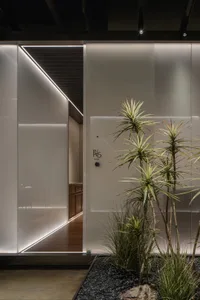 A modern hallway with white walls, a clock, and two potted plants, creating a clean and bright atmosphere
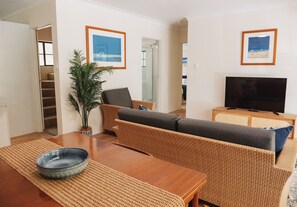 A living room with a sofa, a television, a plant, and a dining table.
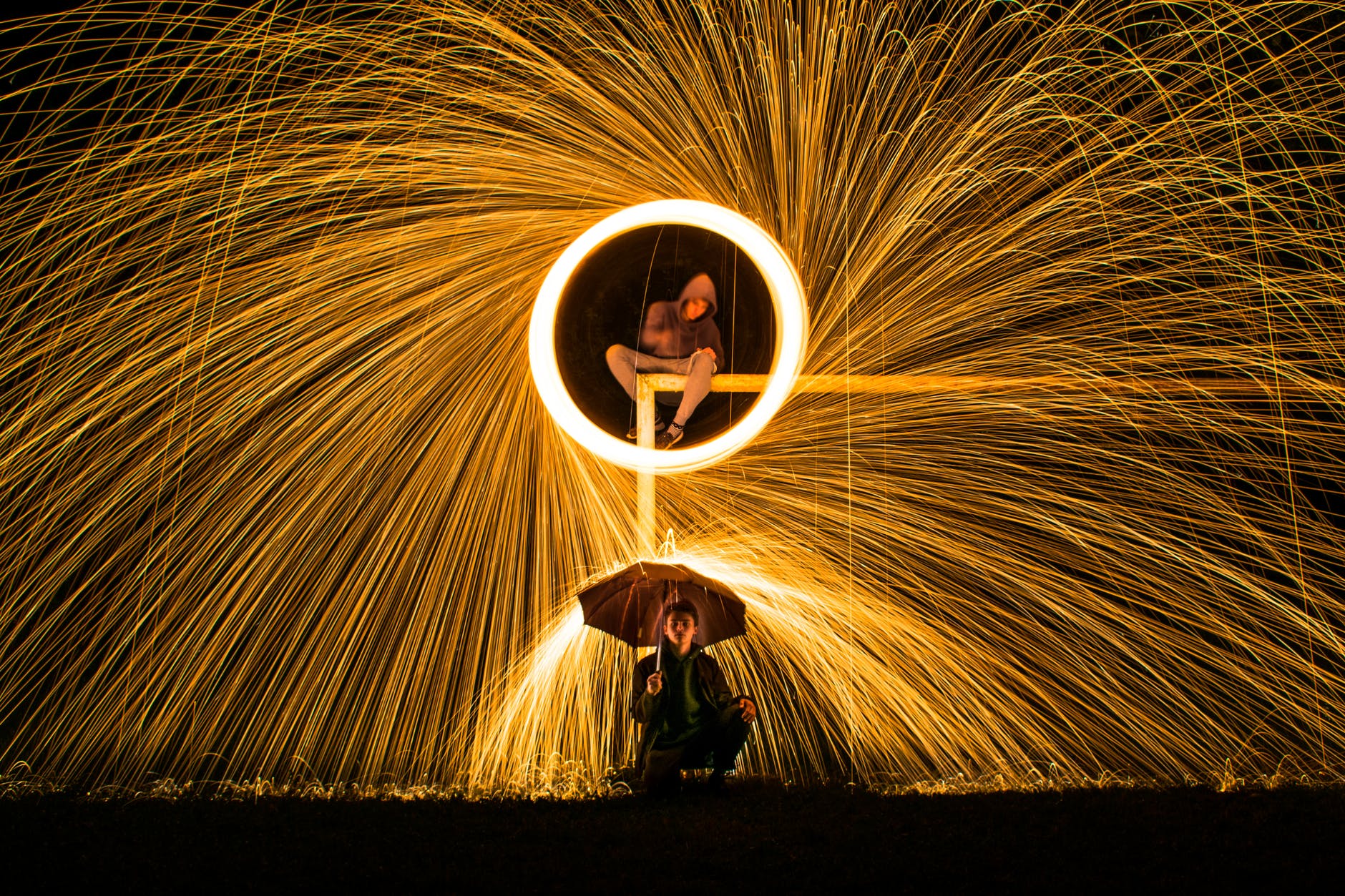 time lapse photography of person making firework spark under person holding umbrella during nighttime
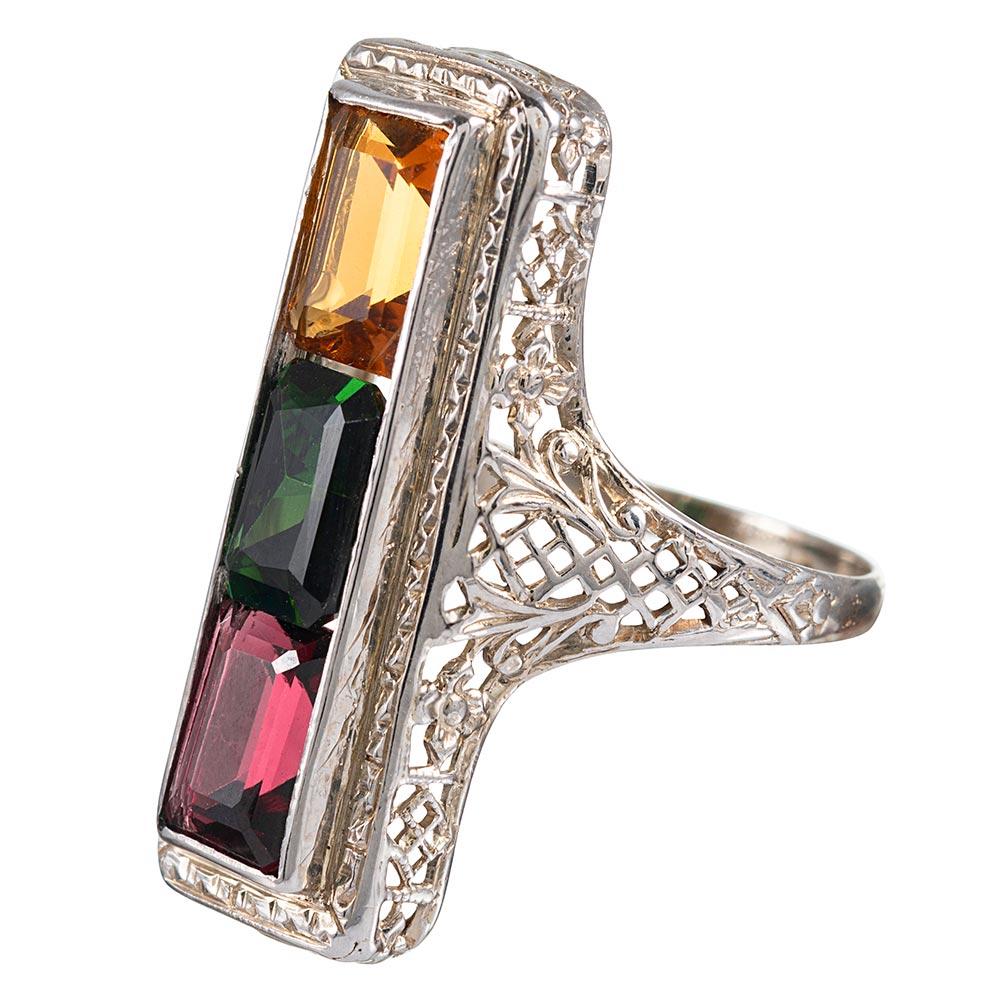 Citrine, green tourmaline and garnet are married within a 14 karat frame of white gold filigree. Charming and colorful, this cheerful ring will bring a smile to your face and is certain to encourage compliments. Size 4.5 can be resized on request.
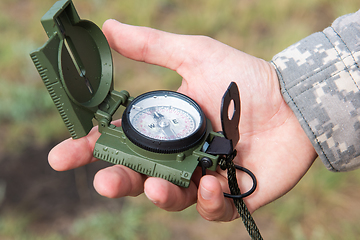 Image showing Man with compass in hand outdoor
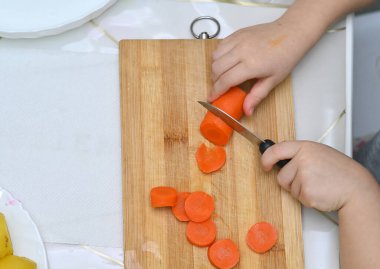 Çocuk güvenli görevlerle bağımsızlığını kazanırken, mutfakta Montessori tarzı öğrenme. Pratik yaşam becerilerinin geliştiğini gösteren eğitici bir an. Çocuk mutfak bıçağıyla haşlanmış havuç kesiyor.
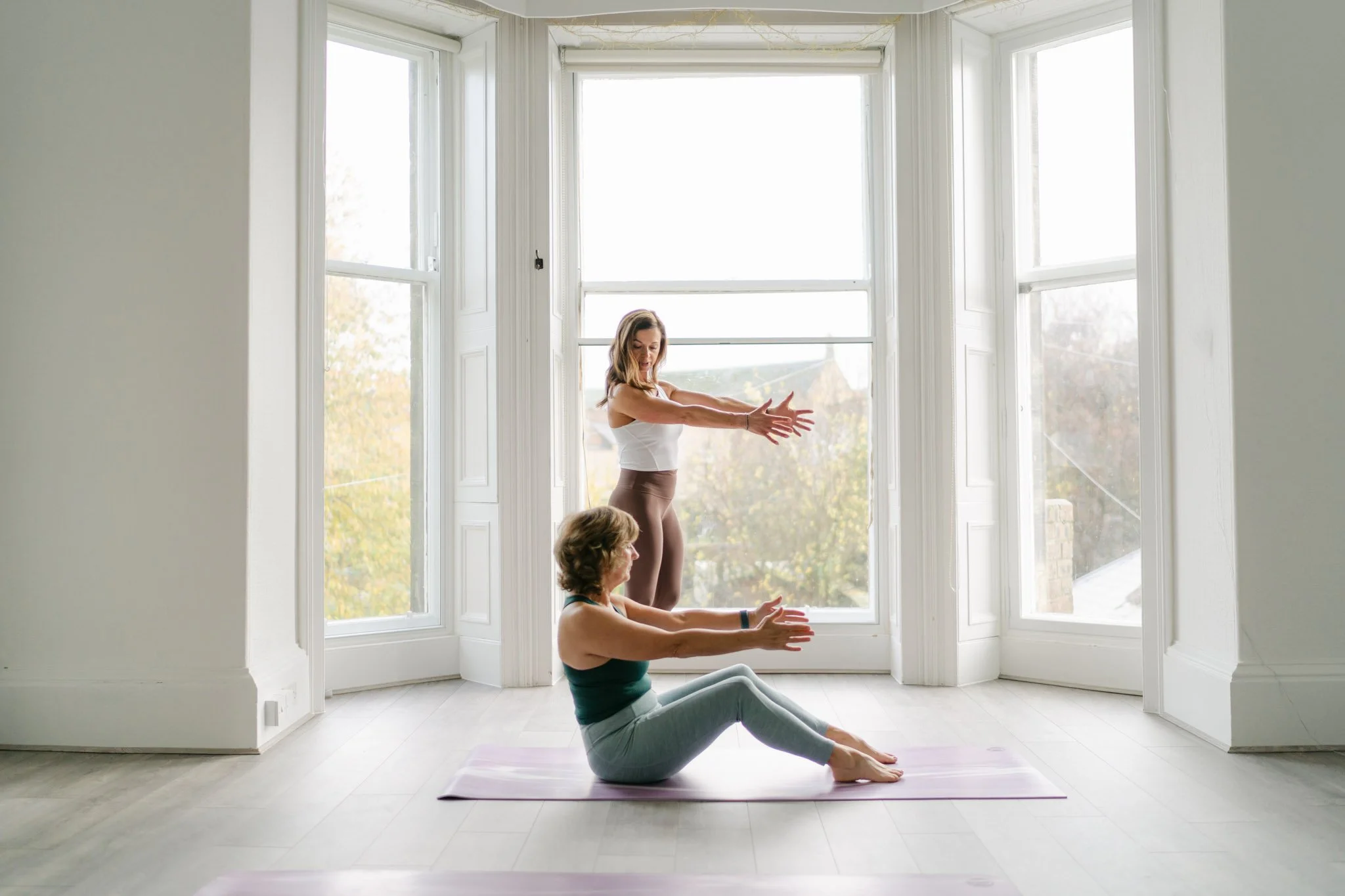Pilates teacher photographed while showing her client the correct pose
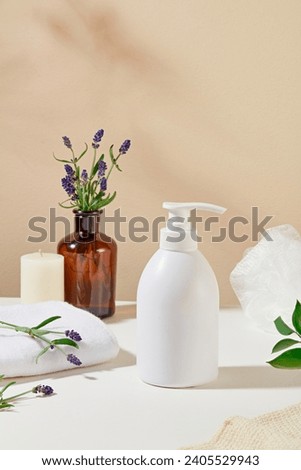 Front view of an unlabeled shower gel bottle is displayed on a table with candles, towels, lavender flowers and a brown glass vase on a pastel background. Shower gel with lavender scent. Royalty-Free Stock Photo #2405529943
# # # # #
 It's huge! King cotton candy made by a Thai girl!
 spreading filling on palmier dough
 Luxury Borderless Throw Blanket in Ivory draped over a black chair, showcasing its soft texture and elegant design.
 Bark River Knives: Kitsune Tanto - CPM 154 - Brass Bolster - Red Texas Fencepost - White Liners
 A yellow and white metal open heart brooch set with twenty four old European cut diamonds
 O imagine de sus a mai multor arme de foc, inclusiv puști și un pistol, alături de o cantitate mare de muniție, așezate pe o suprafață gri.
# # # # #
:: ASSIGNMENT ::
All lines above from the one containing "Image showing Man" up to and including the one containing "Çocuk güvenli görevlerle" are to be set down exactly, and nothing else. Leave images out.

:: RESPONSE AREA ::
 Image showing Man with compass in hand outdoor
 Çocuk güvenli görevlerle bağımsızlığını kazanırken, mutfakta Montessori tarzı öğrenme. Pratik yaşam becerilerinin geliştiğini gösteren eğitici bir an. Çocuk mutfak bıçağıyla haşlanmış havuç kesiyor.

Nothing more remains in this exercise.